=== THE DATA ===
********************
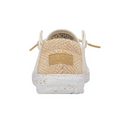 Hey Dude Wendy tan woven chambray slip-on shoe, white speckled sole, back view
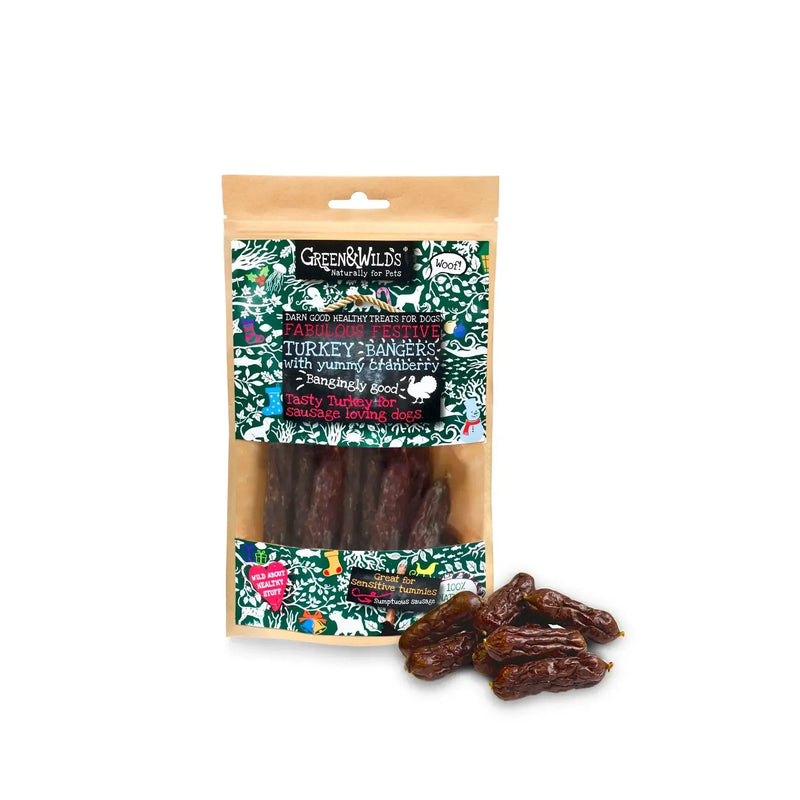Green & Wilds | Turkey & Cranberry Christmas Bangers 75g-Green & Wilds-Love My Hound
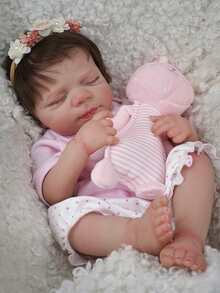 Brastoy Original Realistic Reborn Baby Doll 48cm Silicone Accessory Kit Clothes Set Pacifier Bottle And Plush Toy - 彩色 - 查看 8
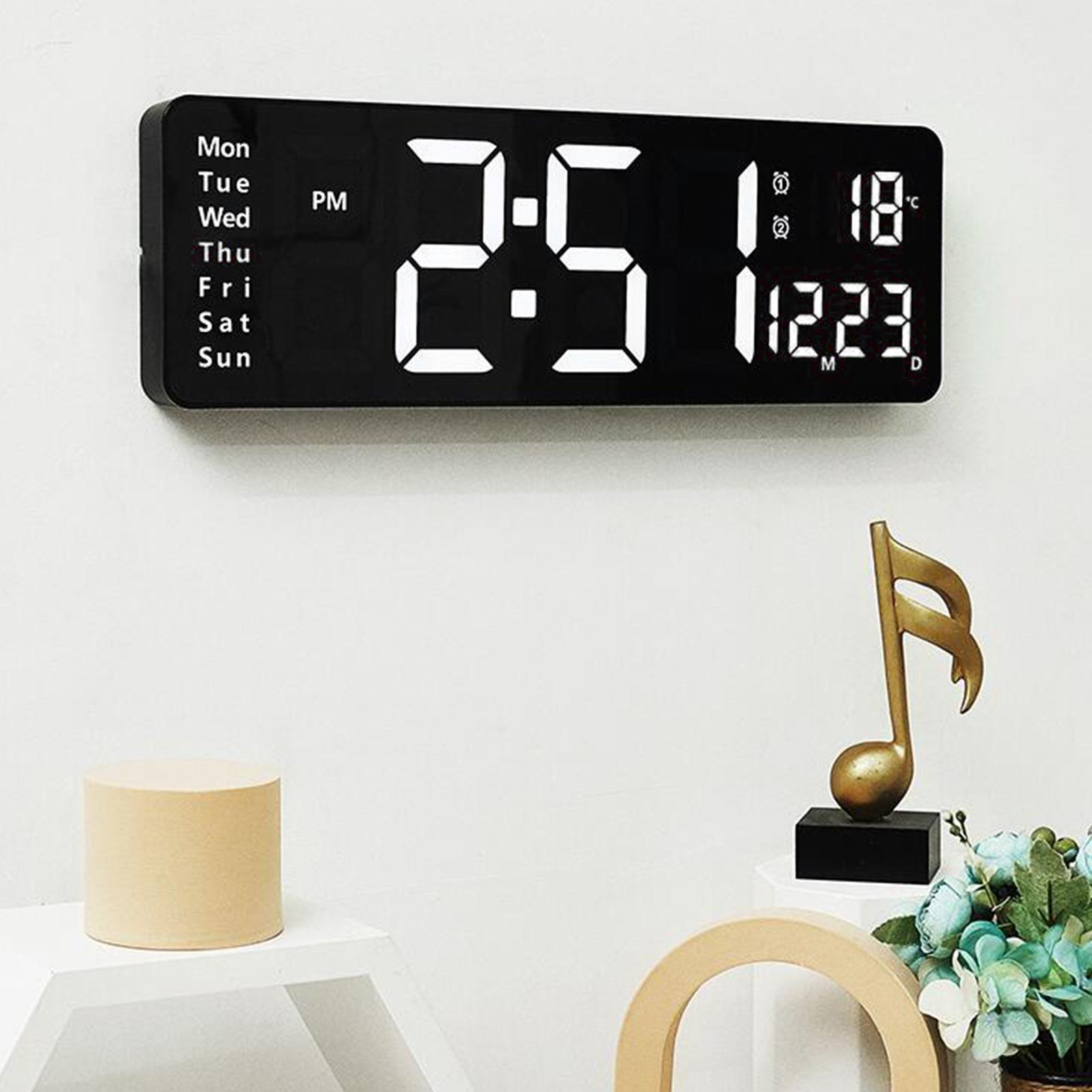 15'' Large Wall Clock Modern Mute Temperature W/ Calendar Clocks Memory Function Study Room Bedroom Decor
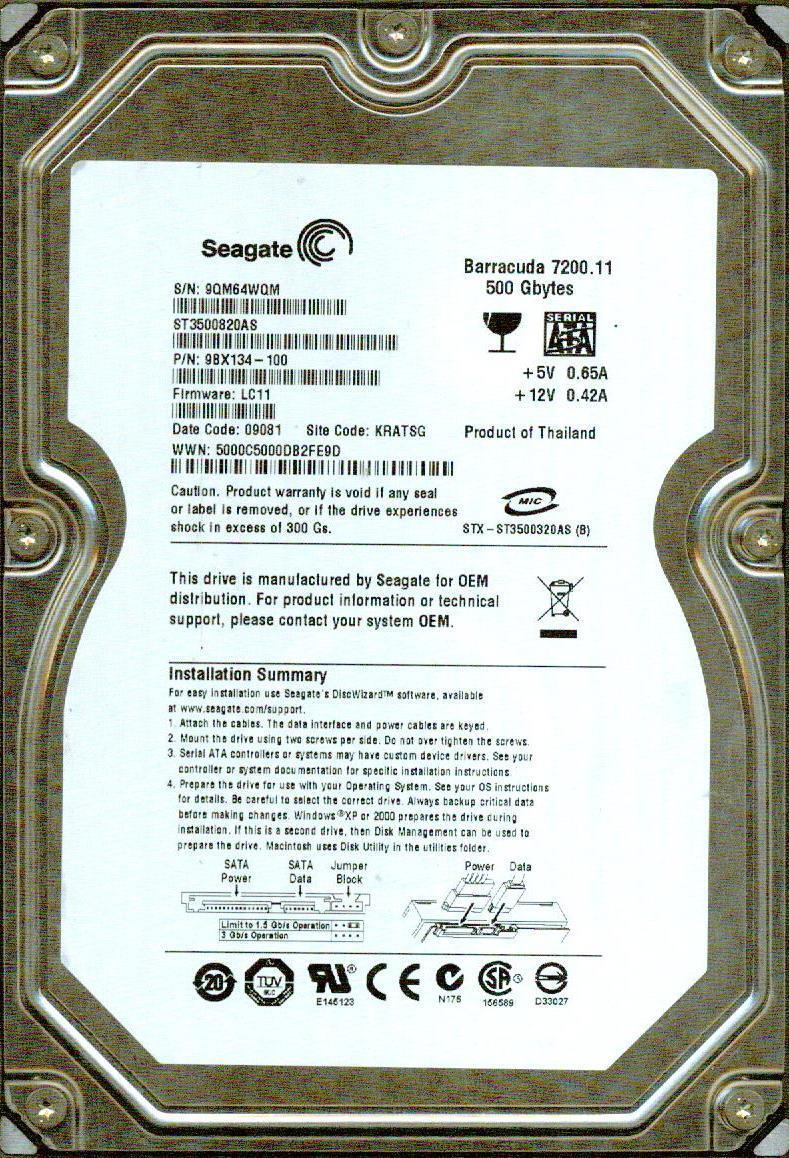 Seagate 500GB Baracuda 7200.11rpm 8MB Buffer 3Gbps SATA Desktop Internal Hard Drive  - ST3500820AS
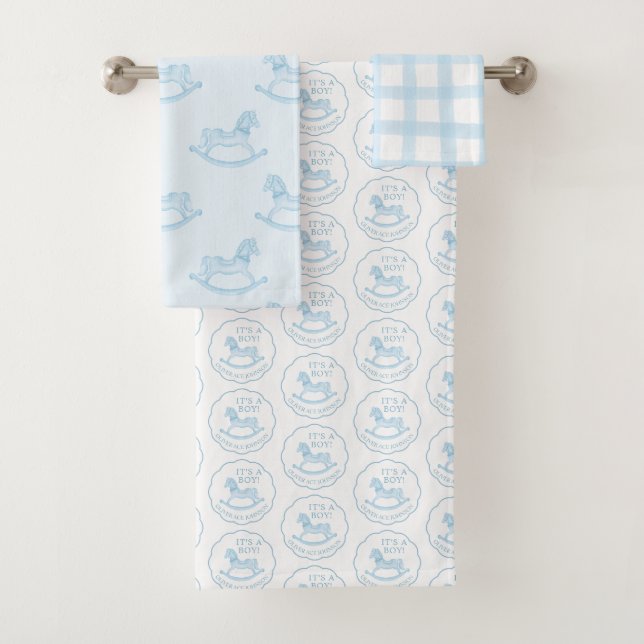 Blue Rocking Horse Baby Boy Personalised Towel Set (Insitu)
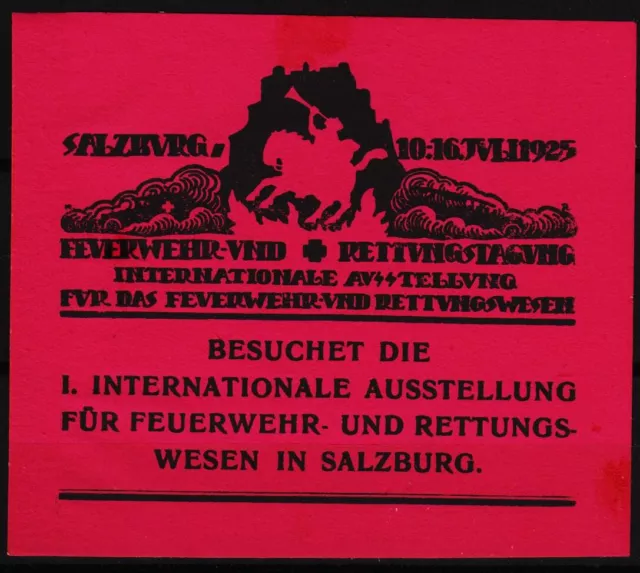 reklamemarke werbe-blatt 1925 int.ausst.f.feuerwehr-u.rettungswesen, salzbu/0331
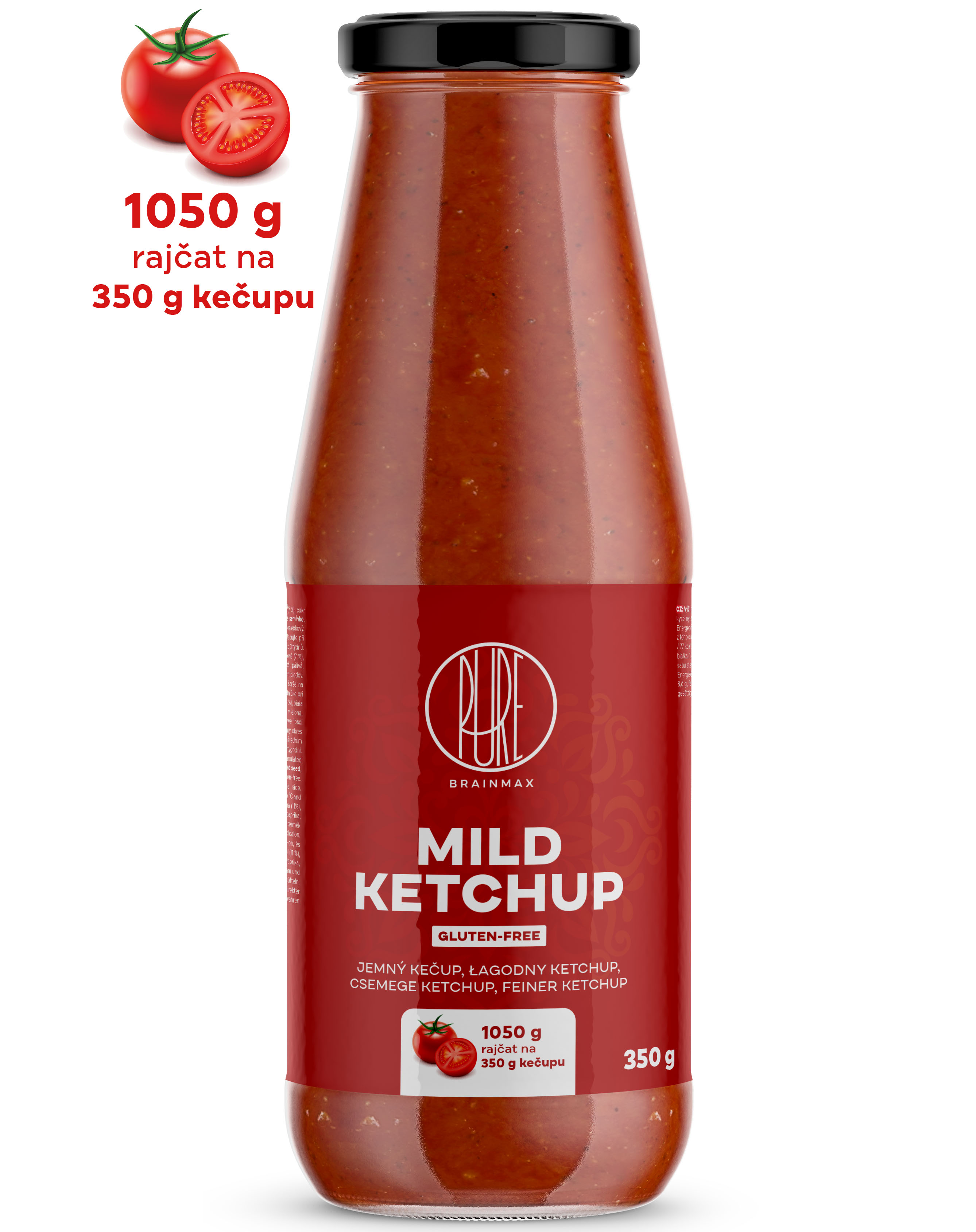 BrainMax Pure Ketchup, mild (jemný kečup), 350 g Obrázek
********************
=== TASK INSTRUCTIONS ===
Word for word, restate the lines from the line with "Seagate 500GB Baracuda" through the last line of the entries, and nothing beyond them. Omit pictures.

=== EXERCISE ANSWER ===
 Seagate 500GB Baracuda 7200.11rpm 8MB Buffer 3Gbps SATA Desktop Internal Hard Drive  - ST3500820AS
 Blue Rocking Horse Baby Boy Personalised Towel Set (Insitu)
 reklamemarke werbe-blatt 1925 int.ausst.f.feuerwehr-u.rettungswesen, salzbu/0331
 BrainMax Pure Ketchup, mild (jemný kečup), 350 g Obrázek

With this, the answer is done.